For online document authors, HTML5 adds new elements to define document sections (the section element) and new section subelements to define page headers (header) and footers (footer). Section headings can be composed of heading groups (hgroup) and can contain the new navigation (nav) element. HTML4 provided only a single division element (div) for these purposes, and coders used id and class attributes to make the distinction in usage. There is a new article element (article) and a means (the aside element) to designate text that's tangential to the main topic. There is even an element for indicating sarcastic remarks (sarcasm) in the W3C draft specification, but I think this is an inside joke.
For Web developers, the HTML5 draft specification for the first time describes how the browser should expose HTML elements to scripts. Using JavaScript syntax, it describes the methods that scripts may call on document objects. In other words, it describes what commands a given HTML element understands and obeys. Previous HTML specification referred generally to ECMAScript, a standardized family of languages that includes JavaScript, JScript (Microsoft's version of JavaScript), and ActionScript (Adobe's scripting language for Flash). The use of JavaScript in this book is not meant to imply the exclusion of other scripting languages.
Equally exciting is the new HTML5 canvas element. It provides a bitmap canvas area that scripts can draw on or load images and video into. A canvas element can be used to render graphs, game graphics, or other visual images on-the-fly. There are also new elements for creating meters (meter) and progress bars (progress). There are also new element attributes that allow parts of a document to be moved around the page or edited in place and saved across sessions.

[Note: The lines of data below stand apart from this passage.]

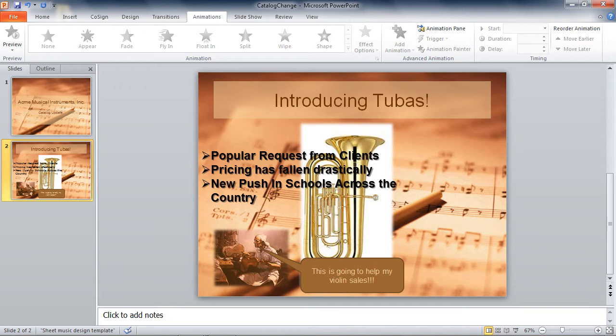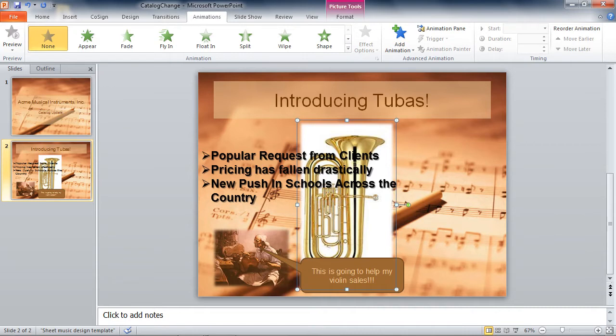The first thing we're going to do is select the first element I want. I want to tell a story about introducing tubas, so I click on the tuba object — that's the first thing I want to appear — and I go ahead and select it.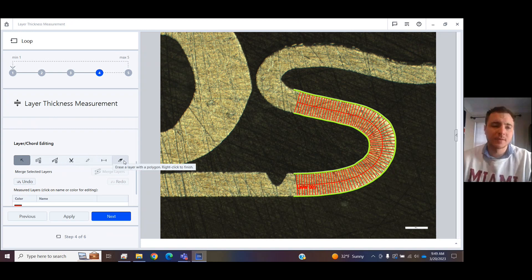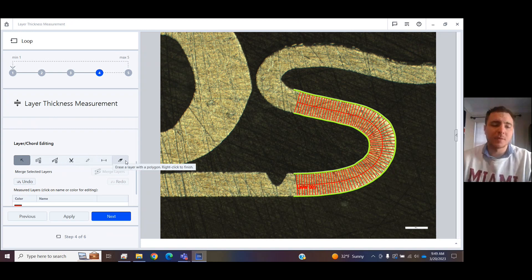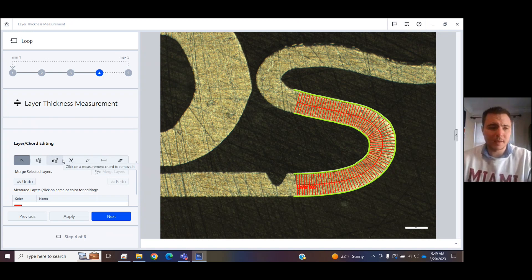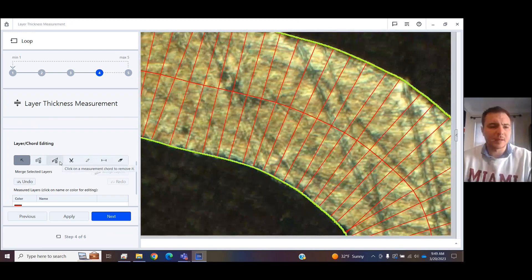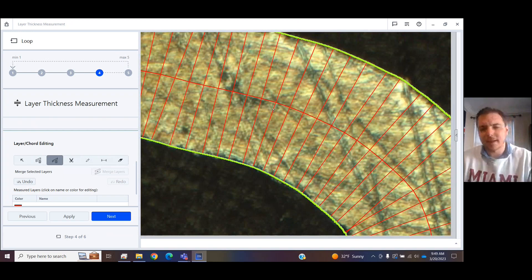You can also erase or edit some chords. If you have multiple layers, you can control and select them. And then you should be able to merge them together right here. But it was able to find the entire layer, as we can see right here. I could edit or remove a chord if I didn't want it added, if there was something strange about it.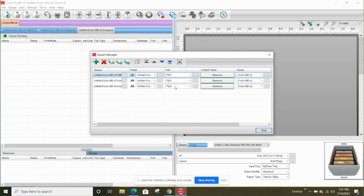You can do this a couple of ways. You do need to have your unit plugged in and powered on in order for it to be found in the port.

Even with all these new features, HTML5 emphasizes simplicity. This is achieved by segregating the description of document content from the descriptions of presentation and interactive behavior. Web authors are encouraged to code the minimal HTML necessary to provide a semantic description of a document. This is what Web Standards is all about: the standards of practice that create web pages that display well on all devices and that are pleasing to everyone and everything that reads them.
Allow me to expand on this last point. Search has changed how we use the Web. Although a work must be read and understood by people, it is just as important that the information to help people find that work be properly constructed. In other words, a web page must be both robot-friendly and people-friendly.
This dictum of being friendly to everything (within reason) goes beyond just being browser- and robot-friendly. The Web embraces all kinds of devices, including phones, tablets, netbooks, computers, game consoles, and large public video displays, as well as devices for the visually handicapped. The Web also embraces all languages and writing systems, including right-to-left languages such as Hebrew and Farsi and ideographic character sets such as Japanese and Chinese.
We are entering the age of the collaborative Web. It is important to think about pleasing the coauthors, contributors, curators, archivists, and translators who will work with your documents long after you write them.